Unison, Europe’s largest public sector union bought the hospital site and restored the building and incorporated into their new headquarters. Two of the original rooms within the old building are used as a gallery, telling the story of Elizabeth Garrett Anderson (left) and the hospital that she built, and women’s struggle to achieve equality in the field of medicine.
Elizabeth herself qualified in 1865 as a doctor and successfully became the first woman to qualify as a physician and surgeon.
As we have seen during this Coronavirus pandemic, nurses and medical staff have played an enormous role in the care of people who have suffered during these terrible times. However, this is not the first time that nurses have come to the forefront during desperate times.
At the outbreak of the First World War, August 1914, 90,000 women from all walks of life volunteered to join the Voluntary Aid Detach-ments (VADs). The VAD was established in 1909. During the conflict, the VADs performed work including the organising and supplying of aid to all the UK based military and auxiliary hospitals provided by the Red Cross, and the care of sick and injured soldiers.
It was not until 1915, that VADs were deployed to work abroad in base hospitals and casualty cleaning stations. The Red Cross hospitals located in Swansea during the First World War were Victoria Hall, and Dan-y-Coed, Mumbles and Perk Wern House, they were under the control of Commandant Alys Bertie Perkins OBE.
The Queen of Crime, Agatha Christie, served as a VAD firstly as an unpaid nurse and then a paid dispenser. Using her experience of dealing with wounded soldiers and the Belgian refugees living in Torquay, her well-known well-loved character Hercule Poirot was created.

Flying Nightingales
At the outbreak of the Second World War, September 1939, huge numbers of women volunteered to undertake vital war work, and by 1941 this number had risen to 7 million women. Those women who volunteered to undertake nursing during the conflict found that a nurse’s daily life was long and arduous.

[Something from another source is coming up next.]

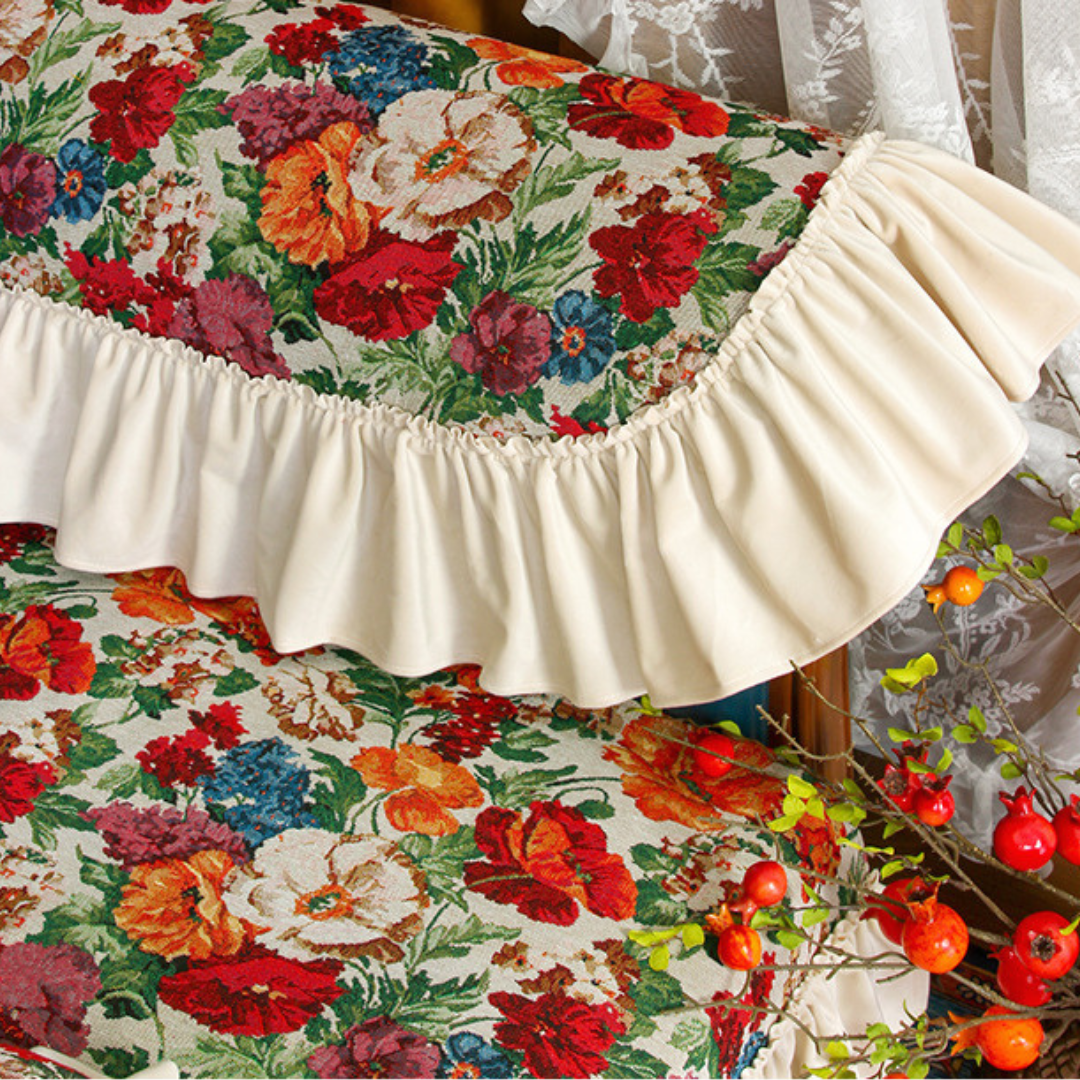 Housse de canapé antidérapante à volants de style vintage avec motif floral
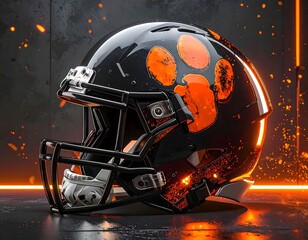A modern black football helmet with a bold orange paw print emblem, symbolizing fierce athletic power and team competition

It was considered that the ideal woman to undertake this work would be of middle-class background and aged between 21 and 30; she also needed to be mature and reliable.
6th June 2020 marked the 76th anniversary of the D-Day landings. At that time, there were a band of 200 nurses known as the Flying Nightingales, working between the UK and France with the RAF Air Ambulance Unit. It was these nurses who carried supplies to the troops in France and on the return, journey brought home casualties.
There is a database www.forces-war-records.co.uk/collections/171/ww1-ww2-nurses-records of all the women who volunteered their services in both the First and Second World Wars. It records their personal information, and memories of what these women really endured.